The worst thing about driving around at sunset is that you can't see anything. Let me explain: the sun is fairly low so there's no glare and there's still some light in the sky so it looks sort of light bluish-grayish, washed out. Headlights are rather ineffective--they're useful for oncoming cars but as for seeing right in front of you? Nuh-uh.
There's this stretch of 120 going into Hanover, right after the hub with the interstate but before the medical center, that goes uphill into forest. During sunset, the forest is pretty much black and casts a shadow on the road so you can barely make out the shoulders. I hate this particular part of 120--the going uphill part--because everyone is trying to outrun everyone else before the two lanes merge at the top.
This evening, I was heading back to the college (lab stuff, blah, blah, blah) and as usual, I hit that uphill stretch. There are cars far behind and I'm going about 50 mph and I'm thinking, there's no way somebody's going to try to pass me. (I think the speed limit is 50 mph although I must admit, I haven't noticed any signs on that part of the road except on the opposite side going downhill where there's one warning drivers to reduce to 40 mph ahead.) But of course, somebody does pass me--an SUV--and it's flying. 70, 80 mph?
And then, once the SUV gets past me, it pulls in front and breaks. I'm thinking: WTF? I break and then I see flashing blue lights on the opposite side of the road where previously I've seen nothing but shadowy trees. Crap.
The police cruiser sweeps around and suddenly it's behind me. It felt somewhat surreal seeing all these blue lights in the rearview mirror and all the expletives streaming through my head. I so did not need a ticket right now (or ever) and I was trying to rack my brain to see if I had inadvertently broken some obscure traffic rule. I made to drive onto the shoulder, but then the cruiser passed me and pulled over the SUV.
I was somewhat numb and shaken, but before I could even breathe a sigh of relief, I saw red and white lights in the rearview mirror and this time I had to pull over for real to let a firetruck pass. When I was finally back on the road, my confidence in driving was pretty much wrecked. Even though the weather is clear, tonight is just a bad time to get behind the wheel.
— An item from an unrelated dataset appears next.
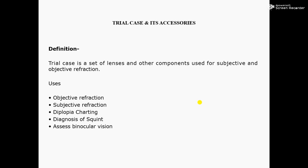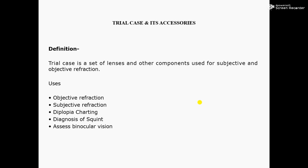Trial Box or Trial Case is a clinical examination used by optometrists and ophthalmologists to determine a patient's need for refractive correction in the form of glasses or contact lenses. The aim is to improve current unaided vision or vision with current glasses.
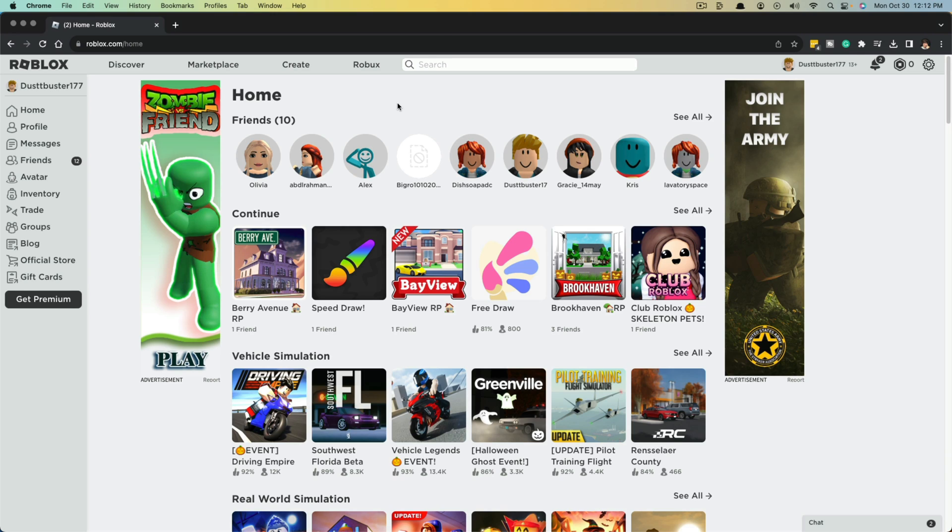Hello everyone and welcome to this video tutorial where I show you how to create a game pass within Roblox. Now this will work on both desktop and mobile.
What it all comes down to is: I don't want to be caught speeding. It's not so much about being afraid of breaking rules but about paying for the ticket. I mean, what if a cop pulls me over even when I'm not speeding or breaking any traffic rules just to get some ticket quota? How on earth am I going to contest that? Yeah, so the SUV deserved to be pulled over, but that doesn't mean I have to like authority figures.
Don't speed, send things in on time, clean up any messes I make so other people won't get annoyed. I will even do these things without somebody breathing down my neck. Preferably without anyone breathing down my neck. Some people don't see it that way--sometimes when I do something under their eyes that I would have done anyway were I alone, they praise me "Good girl! Good girl!" as if I would have otherwise behaved like a barbarian left to my own devices.
On an unrelated note: I think the saying "Good girl!" (or "Good boy!") should be banned in normal discourse. It makes people sound like they're talking to dogs and not other people.